A multiple sclerosis blog.
Beautiful thumb extenstion, slightly angled presentation (to convey attitude)--that's as fine a specimen of the classic bird as I've seen in some time.(A whole new kind of bird watching for you!)
yeah, ok, I take back my earlier comment about things seeming calmer. And did you see the story in the local paper? excerpts:Tiffany Smith of Orland Park said partying is a family tradition. "My dad went to school here," Smith said. "They said to get wasted because that is what they used to do. I don't go to school here, but I'm going to live it up and go crazy." [ . . .]UI senior Evan Ryan of Highland Park said taking part in Unofficial has become a treasured tradition. "When I first came here, the UI was ranked as the number 4 party school in the nation, and this is all part of it," Ryan said.hmm . . . more talk about "tradition" . . .

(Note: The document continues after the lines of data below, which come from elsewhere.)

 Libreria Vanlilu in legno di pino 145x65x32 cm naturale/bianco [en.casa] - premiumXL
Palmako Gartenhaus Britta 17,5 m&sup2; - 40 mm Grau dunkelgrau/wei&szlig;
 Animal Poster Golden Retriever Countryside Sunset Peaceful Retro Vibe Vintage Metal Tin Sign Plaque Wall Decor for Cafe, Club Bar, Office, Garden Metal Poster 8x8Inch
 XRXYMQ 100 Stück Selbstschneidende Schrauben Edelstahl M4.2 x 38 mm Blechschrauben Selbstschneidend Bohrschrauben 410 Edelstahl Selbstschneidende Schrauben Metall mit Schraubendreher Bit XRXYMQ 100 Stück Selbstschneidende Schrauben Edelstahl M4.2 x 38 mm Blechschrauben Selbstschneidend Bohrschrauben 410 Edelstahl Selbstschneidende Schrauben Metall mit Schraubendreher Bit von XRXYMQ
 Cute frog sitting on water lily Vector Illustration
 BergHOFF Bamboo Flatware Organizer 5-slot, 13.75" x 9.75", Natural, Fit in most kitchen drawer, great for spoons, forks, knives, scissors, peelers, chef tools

Beautiful thumb extension, yes, but what exactly in that gesture is the thumb supposed to signify? When did the thumb extension become part of the bird, and why?

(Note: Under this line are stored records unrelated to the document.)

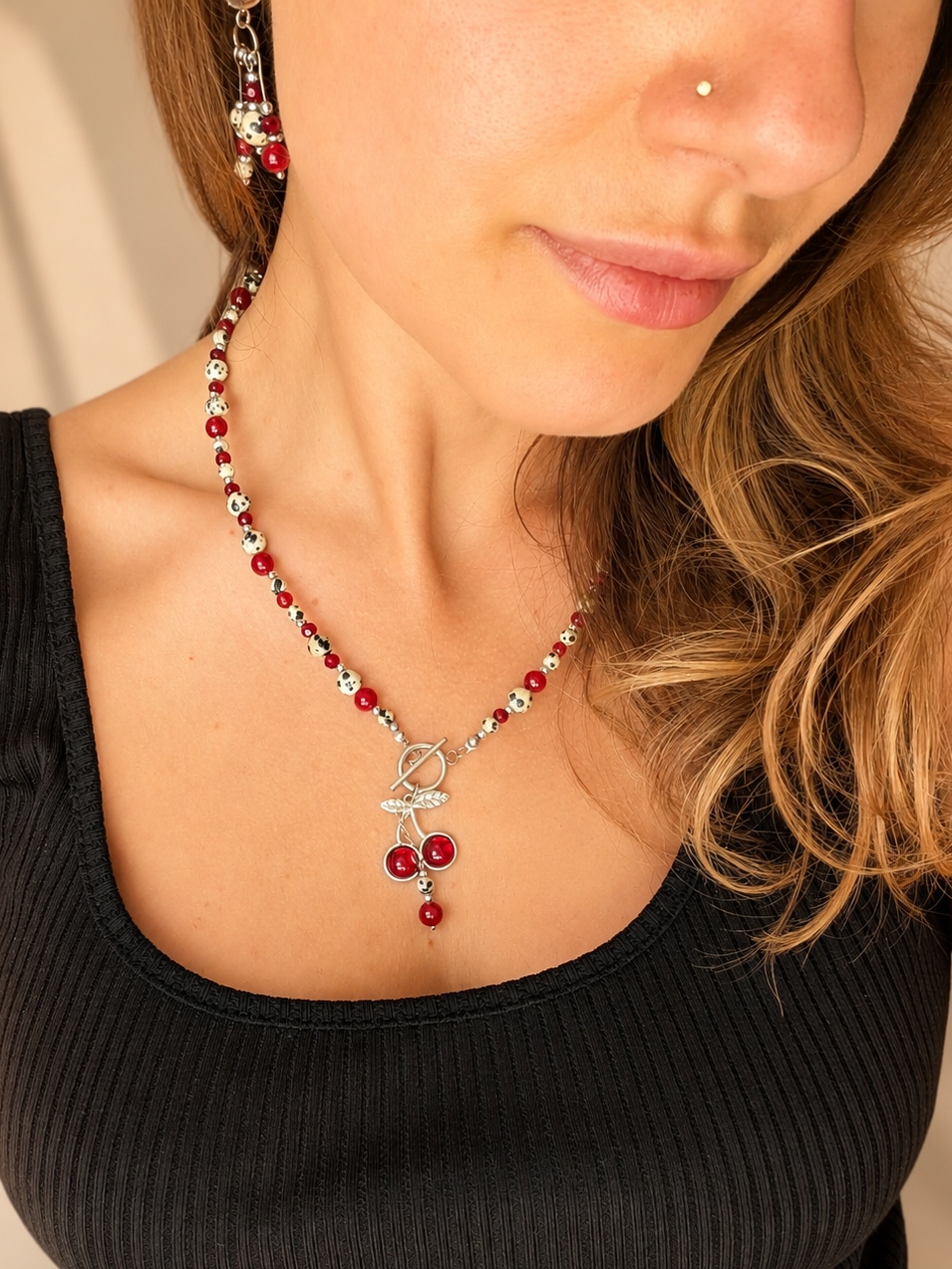 Dalmatian Cherry - Dalmatian Jasper & Red Jade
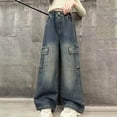 thumbnail image 1 of hengsof Girls Cargo Pocket Denim Jeans Straight Leg Relaxed Fit Wide Leg Pants Spring Fall Casual Jeans for 5-15 Years Old, 1 of 3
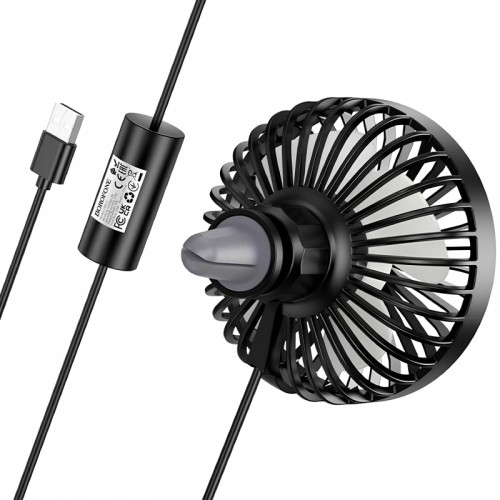 Вентилятор автомобільний Borofone DBF11 three speed (USB-A) Black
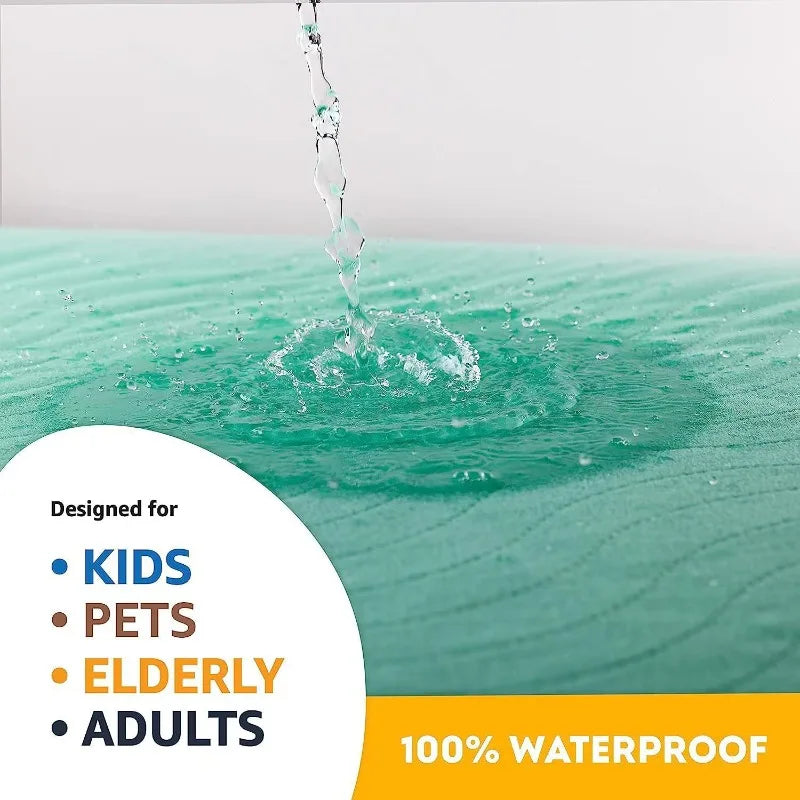 A close-up shot of a teal mat being watered, demonstrating its waterproof and absorbent properties for pets.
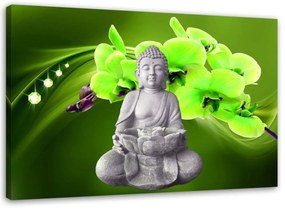 Obraz na plátně DECOR Sedící Buddha Zelený květ - 90x60 cm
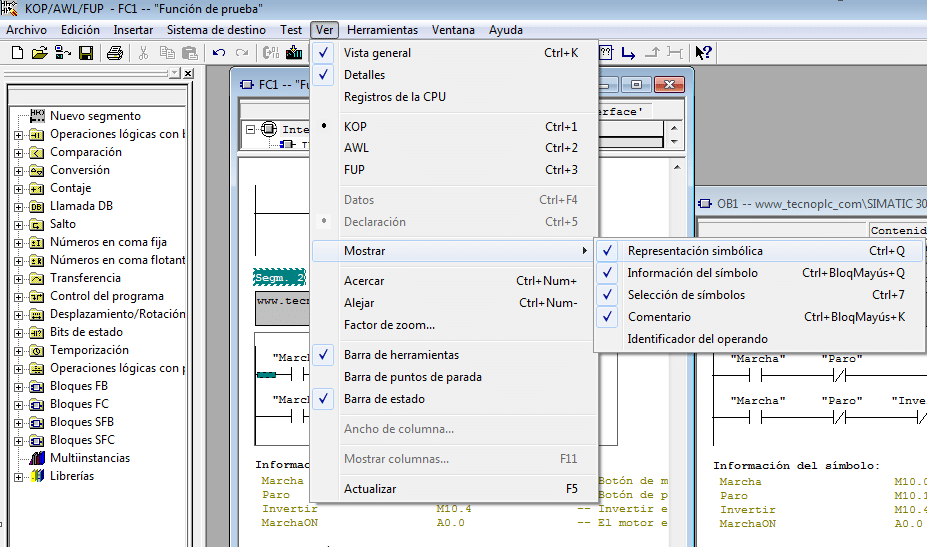 Detalles para visualizar los comentarios dentro de cada segmento en un bloque Step 7.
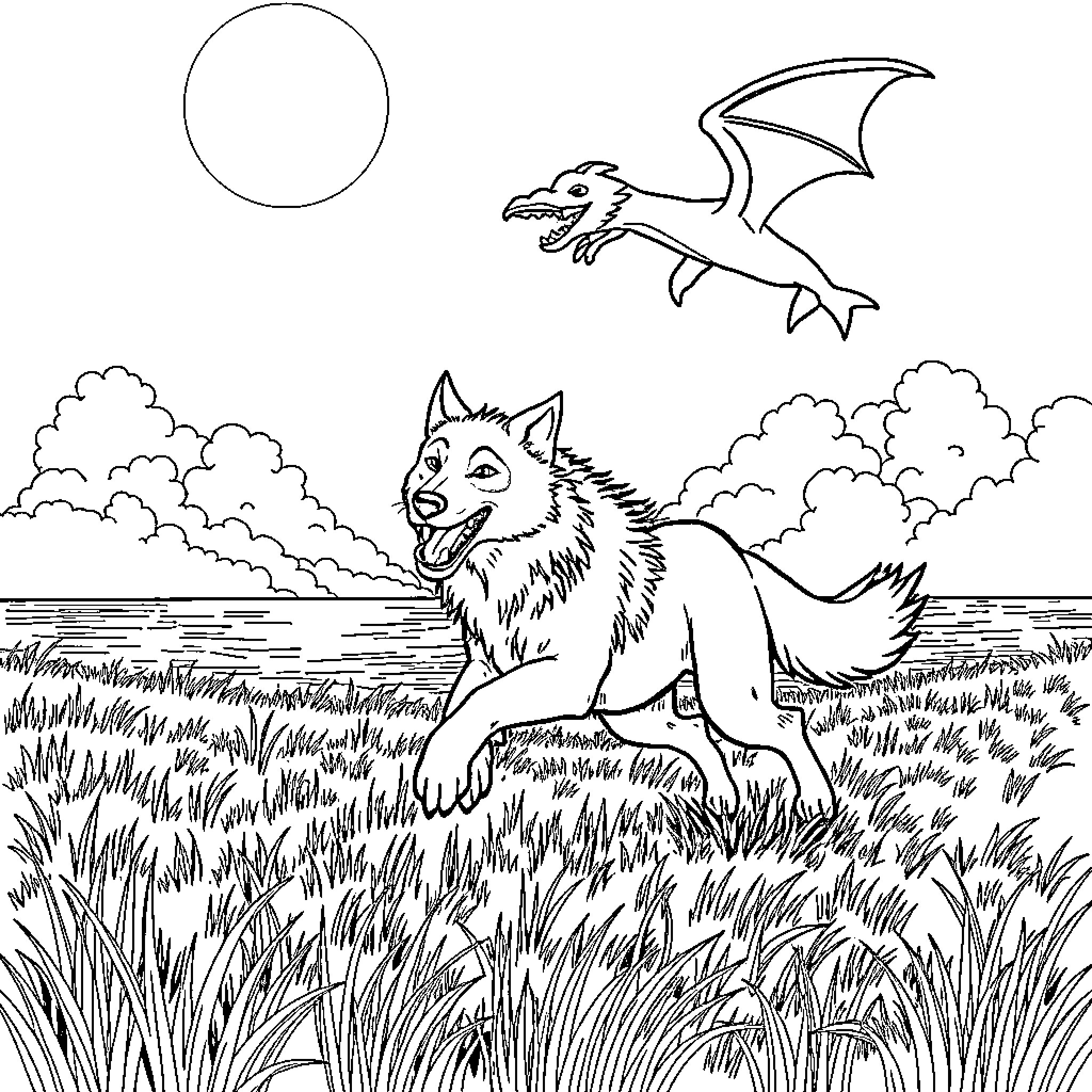 Wolf running through grass while a dragon flies above Coloring Page (free black-and-white line drawing printable PDF for all, from beginners to advanced learners, including children, teens, adults, and seniors)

There's some debate about this in bird-watching circles, katka. Some argue that the thumb extension signifies the rigidity, the unflinchingness, of the animosity expressed by the gesture. I prefer a less formalist reading, aruging that it is an intergestural echo of the "rock-n-roll-devil" sign, suggesting not so much a specifically targeted animosity as a general disdain for the non-partying citezenry, in keeping with both rock and party subcultural norms.

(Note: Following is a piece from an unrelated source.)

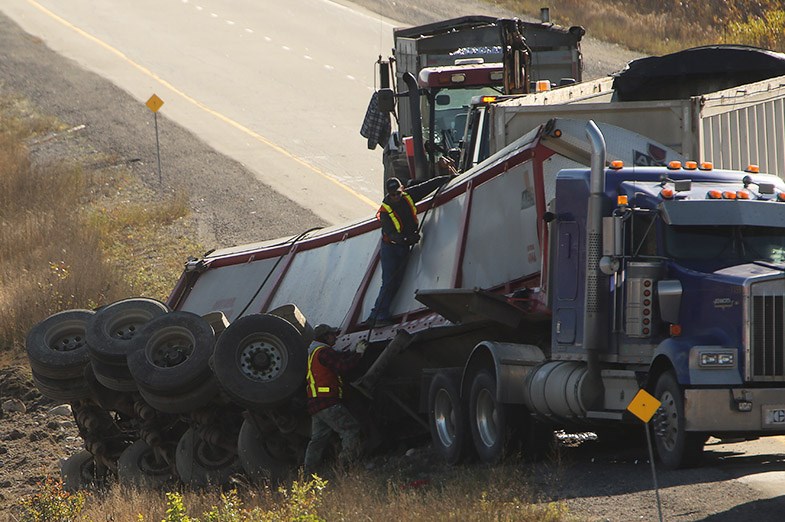 Overturned transport on Highway 17 near Sault Ste. Marie on October 25, 2014. PHOTO/Kenneth Armstrong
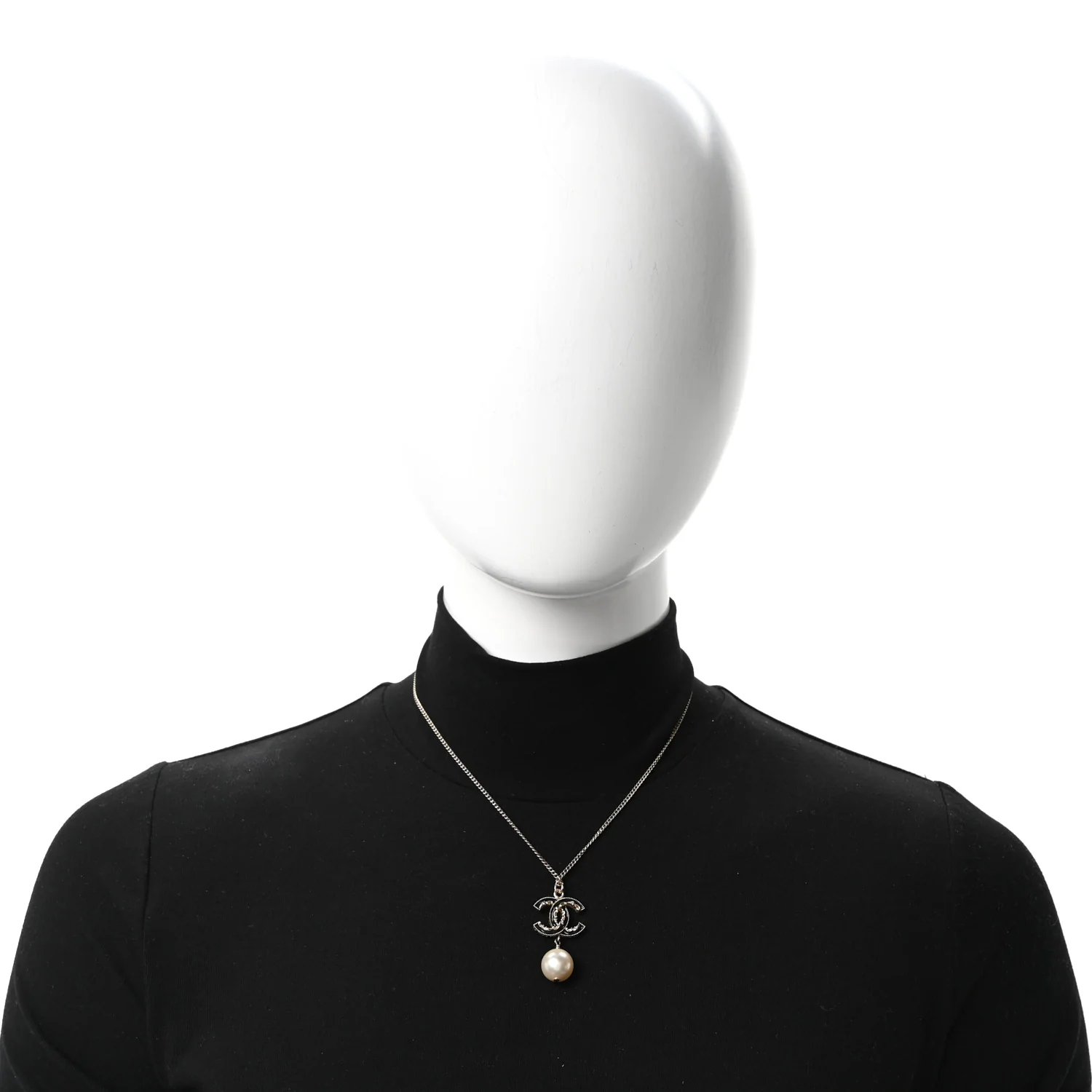 Pearl CC Drop Necklace Silver Black - Image 2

For a thorough treatment of the topic, see _Field Guide to the North American Bird_, the cover of which is illustrated sans thumb extension: http://www.amazon.com/Field-Guide-North-American-Bird/dp/1580085741
You're lucky they don't party on St. Urho's Tay, too. -tt
A field guide! Hilarious. Wonder if they have a companion text for Scalia gestures."Some would argue..." Lance, you're too much.